Latest Terror Threat Targets Subways

Latest Terror Threat Targets Subways

W A S H I N G T O N, May 23 — Federal transportation officials say they have gotten an unconfirmed warning that terrorists are planning attacks on subways in the United States.

The possible attack would involve simultaneous strikes against multiple trains, perhaps using time bombs, said an alert issued Wednesday by the Department of Transportation's Office of Intelligence and Security and obtained by ABCNEWS.

Although the warning specified subways, it advised all rail and transit security officials to review their safety procedures and "implement additional security measures commensurate with the current threat environment."

It emphasized that the threat was not confirmed, but advised the industry to remain on a heightened state of alert.

This latest warning is particularly unsettling to New Yorkers, who have already been told this week that the Brooklyn Bridge or the Statue of Liberty could be targeted by terrorists.

Millions of people ride the city's subways every day.

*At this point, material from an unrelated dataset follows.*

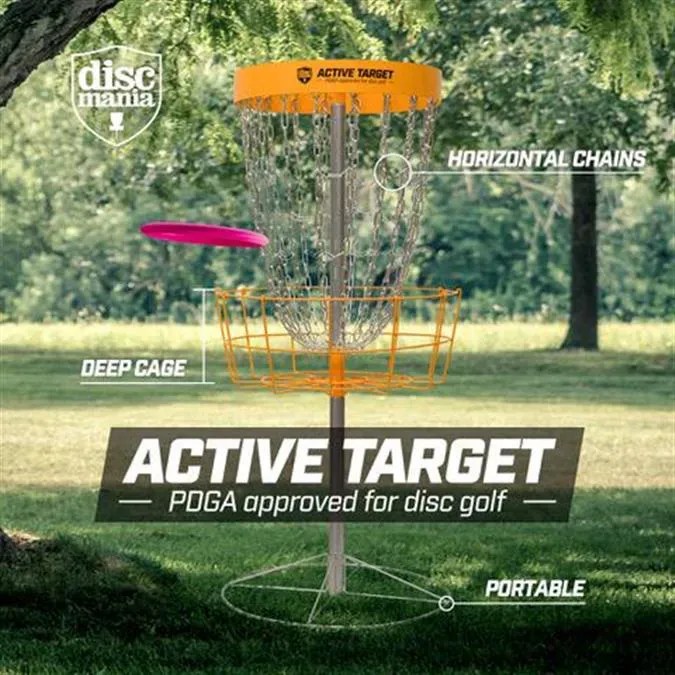 Discmania Active Target 150.00 Infinite Discs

NYC Threat Came From Al Qaeda Lieutenant

N E W Y O R K, May 23 — A top lieutenant to Osama bin Laden is the source of information that led to a warning of potential terrorist attacks against the Brooklyn Bridge and the Statue of Liberty, a law enforcement official said today.

The official, speaking to The Associated Press on condition of anonymity, said the information, which has been described as uncorroborated, came from Abu Zubaydah, the senior al Qaeda terrorist leader now in U.S. custody.

Zubaydah's role in the terrorism warning was first reported in the Daily News.

Zubaydah is being interrogated by U.S. officials at an undisclosed location. He is believed to have played a key role in organizing the Sept. 11 attacks as al Qaeda's top operational planner.

Police Commissioner Raymond Kelly said Wednesday that the detainee who gave FBI officials the information has provided authorities with credible information in the past, but would not discuss what information the detainee had given.

The FBI said the New York warning was not specific about timing or methods.

Authorities canceled a 119th birthday celebration for the Brooklyn Bridge because of the possible threat.

"We could not even contemplate finalizing our plans … because of the concerns that have been raised," said Brooklyn Borough President Marty Markowitz, whose office had been planning the June 2 event.

As al Qaeda's top operational planner, Zubaydah ran the Khalden camp in Afghanistan, where U.S. investigators have learned many of the Sept. 11 hijackers trained. This suggests Zubaydah may have had direct contact with the hijackers and chosen them for training.

He also had telephone contacts with at least one student at U.S. flight schools, according to a July 10, 2001, memo from a Phoenix FBI agent.

The CIA, FBI and Pakistani authorities captured and wounded Zubaydah in a raid in Faisalabad, Pakistan, in March. He is believed to have masterminded the failed millennium bombing plots in Los Angeles and Jordan, and has been linked to failed plots to attack the U.S. embassies in Paris and Sarajevo.

Zubaydah was also indirectly linked, through a web of associations with other al Qaeda members in Europe, to lead Sept. 11 hijacker Mohamed Atta and his cell in Hamburg, Germany. Three members of the Hamburg cell were suicide hijackers; three others are still at large.